[PROVIDED ENTRIES Boundary: Start]

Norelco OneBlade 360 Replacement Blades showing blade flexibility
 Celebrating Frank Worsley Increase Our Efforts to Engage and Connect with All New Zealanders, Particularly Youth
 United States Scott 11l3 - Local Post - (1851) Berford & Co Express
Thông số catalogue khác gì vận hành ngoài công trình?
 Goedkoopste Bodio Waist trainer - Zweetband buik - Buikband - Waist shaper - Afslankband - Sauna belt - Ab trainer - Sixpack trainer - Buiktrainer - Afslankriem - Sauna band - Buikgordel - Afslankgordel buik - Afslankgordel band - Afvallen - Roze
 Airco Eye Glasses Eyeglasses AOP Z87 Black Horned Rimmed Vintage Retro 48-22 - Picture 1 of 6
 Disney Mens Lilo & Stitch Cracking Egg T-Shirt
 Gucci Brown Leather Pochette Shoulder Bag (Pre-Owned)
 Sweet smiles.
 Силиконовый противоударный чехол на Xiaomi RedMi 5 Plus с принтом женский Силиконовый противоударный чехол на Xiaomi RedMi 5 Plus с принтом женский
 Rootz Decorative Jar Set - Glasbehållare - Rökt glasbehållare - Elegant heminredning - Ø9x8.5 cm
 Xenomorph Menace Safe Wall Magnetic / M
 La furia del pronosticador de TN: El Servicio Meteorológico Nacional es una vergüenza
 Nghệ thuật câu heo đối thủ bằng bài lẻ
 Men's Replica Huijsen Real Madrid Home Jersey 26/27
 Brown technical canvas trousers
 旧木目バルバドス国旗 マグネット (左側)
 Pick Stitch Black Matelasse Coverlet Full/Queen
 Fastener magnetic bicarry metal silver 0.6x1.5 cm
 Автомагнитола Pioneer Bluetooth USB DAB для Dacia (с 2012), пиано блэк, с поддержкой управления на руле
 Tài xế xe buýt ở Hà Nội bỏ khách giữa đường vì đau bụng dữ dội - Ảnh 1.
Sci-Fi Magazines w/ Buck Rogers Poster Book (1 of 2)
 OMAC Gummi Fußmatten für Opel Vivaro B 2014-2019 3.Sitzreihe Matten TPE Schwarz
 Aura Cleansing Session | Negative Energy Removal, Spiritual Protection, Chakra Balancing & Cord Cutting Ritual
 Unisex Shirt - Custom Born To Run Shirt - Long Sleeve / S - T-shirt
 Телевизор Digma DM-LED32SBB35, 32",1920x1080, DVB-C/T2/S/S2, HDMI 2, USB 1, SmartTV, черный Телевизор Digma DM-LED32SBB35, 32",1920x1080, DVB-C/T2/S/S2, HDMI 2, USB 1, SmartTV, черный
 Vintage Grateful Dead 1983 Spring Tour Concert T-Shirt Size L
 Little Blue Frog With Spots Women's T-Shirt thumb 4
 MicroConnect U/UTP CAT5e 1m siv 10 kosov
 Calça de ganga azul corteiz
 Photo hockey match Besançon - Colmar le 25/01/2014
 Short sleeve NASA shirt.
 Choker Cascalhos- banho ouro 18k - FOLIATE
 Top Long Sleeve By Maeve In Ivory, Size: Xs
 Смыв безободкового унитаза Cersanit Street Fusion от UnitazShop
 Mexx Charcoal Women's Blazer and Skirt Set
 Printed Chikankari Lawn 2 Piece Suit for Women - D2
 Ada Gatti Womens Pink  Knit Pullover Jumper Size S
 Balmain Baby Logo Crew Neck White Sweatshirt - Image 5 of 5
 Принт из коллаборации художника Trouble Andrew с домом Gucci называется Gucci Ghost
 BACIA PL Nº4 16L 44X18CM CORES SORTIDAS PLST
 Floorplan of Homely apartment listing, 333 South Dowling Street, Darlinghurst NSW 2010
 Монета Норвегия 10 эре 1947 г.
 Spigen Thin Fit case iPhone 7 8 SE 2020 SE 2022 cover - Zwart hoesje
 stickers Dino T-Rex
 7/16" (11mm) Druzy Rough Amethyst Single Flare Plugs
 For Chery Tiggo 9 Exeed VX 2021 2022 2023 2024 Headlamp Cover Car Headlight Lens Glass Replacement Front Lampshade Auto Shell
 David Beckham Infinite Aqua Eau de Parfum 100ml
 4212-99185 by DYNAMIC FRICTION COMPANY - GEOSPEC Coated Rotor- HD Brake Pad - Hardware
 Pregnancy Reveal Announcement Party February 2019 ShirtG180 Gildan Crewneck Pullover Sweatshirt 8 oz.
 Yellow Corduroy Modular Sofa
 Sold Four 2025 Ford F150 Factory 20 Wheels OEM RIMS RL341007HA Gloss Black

[PROVIDED ENTRIES Boundary: End]

Every record above must be duplicated exactly.

Norelco OneBlade 360 Replacement Blades showing blade flexibility
 Celebrating Frank Worsley Increase Our Efforts to Engage and Connect with All New Zealanders, Particularly Youth
 United States Scott 11l3 - Local Post - (1851) Berford & Co Express
Thông số catalogue khác gì vận hành ngoài công trình?
 Goedkoopste Bodio Waist trainer - Zweetband buik - Buikband - Waist shaper - Afslankband - Sauna belt - Ab trainer - Sixpack trainer - Buiktrainer - Afslankriem - Sauna band - Buikgordel - Afslankgordel buik - Afslankgordel band - Afvallen - Roze
 Airco Eye Glasses Eyeglasses AOP Z87 Black Horned Rimmed Vintage Retro 48-22 - Picture 1 of 6
 Disney Mens Lilo & Stitch Cracking Egg T-Shirt
 Gucci Brown Leather Pochette Shoulder Bag (Pre-Owned)
 Sweet smiles.
 Силиконовый противоударный чехол на Xiaomi RedMi 5 Plus с принтом женский Силиконовый противоударный чехол на Xiaomi RedMi 5 Plus с принтом женский
 Rootz Decorative Jar Set - Glasbehållare - Rökt glasbehållare - Elegant heminredning - Ø9x8.5 cm
 Xenomorph Menace Safe Wall Magnetic / M
 La furia del pronosticador de TN: El Servicio Meteorológico Nacional es una vergüenza
 Nghệ thuật câu heo đối thủ bằng bài lẻ
 Men's Replica Huijsen Real Madrid Home Jersey 26/27
 Brown technical canvas trousers
 旧木目バルバドス国旗 マグネット (左側)
 Pick Stitch Black Matelasse Coverlet Full/Queen
 Fastener magnetic bicarry metal silver 0.6x1.5 cm
 Автомагнитола Pioneer Bluetooth USB DAB для Dacia (с 2012), пиано блэк, с поддержкой управления на руле
 Tài xế xe buýt ở Hà Nội bỏ khách giữa đường vì đau bụng dữ dội - Ảnh 1.
Sci-Fi Magazines w/ Buck Rogers Poster Book (1 of 2)
 OMAC Gummi Fußmatten für Opel Vivaro B 2014-2019 3.Sitzreihe Matten TPE Schwarz
 Aura Cleansing Session | Negative Energy Removal, Spiritual Protection, Chakra Balancing & Cord Cutting Ritual
 Unisex Shirt - Custom Born To Run Shirt - Long Sleeve / S - T-shirt
 Телевизор Digma DM-LED32SBB35, 32",1920x1080, DVB-C/T2/S/S2, HDMI 2, USB 1, SmartTV, черный Телевизор Digma DM-LED32SBB35, 32",1920x1080, DVB-C/T2/S/S2, HDMI 2, USB 1, SmartTV, черный
 Vintage Grateful Dead 1983 Spring Tour Concert T-Shirt Size L
 Little Blue Frog With Spots Women's T-Shirt thumb 4
 MicroConnect U/UTP CAT5e 1m siv 10 kosov
 Calça de ganga azul corteiz
 Photo hockey match Besançon - Colmar le 25/01/2014
 Short sleeve NASA shirt.
 Choker Cascalhos- banho ouro 18k - FOLIATE
 Top Long Sleeve By Maeve In Ivory, Size: Xs
 Смыв безободкового унитаза Cersanit Street Fusion от UnitazShop
 Mexx Charcoal Women's Blazer and Skirt Set
 Printed Chikankari Lawn 2 Piece Suit for Women - D2
 Ada Gatti Womens Pink  Knit Pullover Jumper Size S
 Balmain Baby Logo Crew Neck White Sweatshirt - Image 5 of 5
 Принт из коллаборации художника Trouble Andrew с домом Gucci называется Gucci Ghost
 BACIA PL Nº4 16L 44X18CM CORES SORTIDAS PLST
 Floorplan of Homely apartment listing, 333 South Dowling Street, Darlinghurst NSW 2010
 Монета Норвегия 10 эре 1947 г.
 Spigen Thin Fit case iPhone 7 8 SE 2020 SE 2022 cover - Zwart hoesje
 stickers Dino T-Rex
 7/16" (11mm) Druzy Rough Amethyst Single Flare Plugs
 For Chery Tiggo 9 Exeed VX 2021 2022 2023 2024 Headlamp Cover Car Headlight Lens Glass Replacement Front Lampshade Auto Shell
 David Beckham Infinite Aqua Eau de Parfum 100ml
 4212-99185 by DYNAMIC FRICTION COMPANY - GEOSPEC Coated Rotor- HD Brake Pad - Hardware
 Pregnancy Reveal Announcement Party February 2019 ShirtG180 Gildan Crewneck Pullover Sweatshirt 8 oz.
 Yellow Corduroy Modular Sofa
 Sold Four 2025 Ford F150 Factory 20 Wheels OEM RIMS RL341007HA Gloss Black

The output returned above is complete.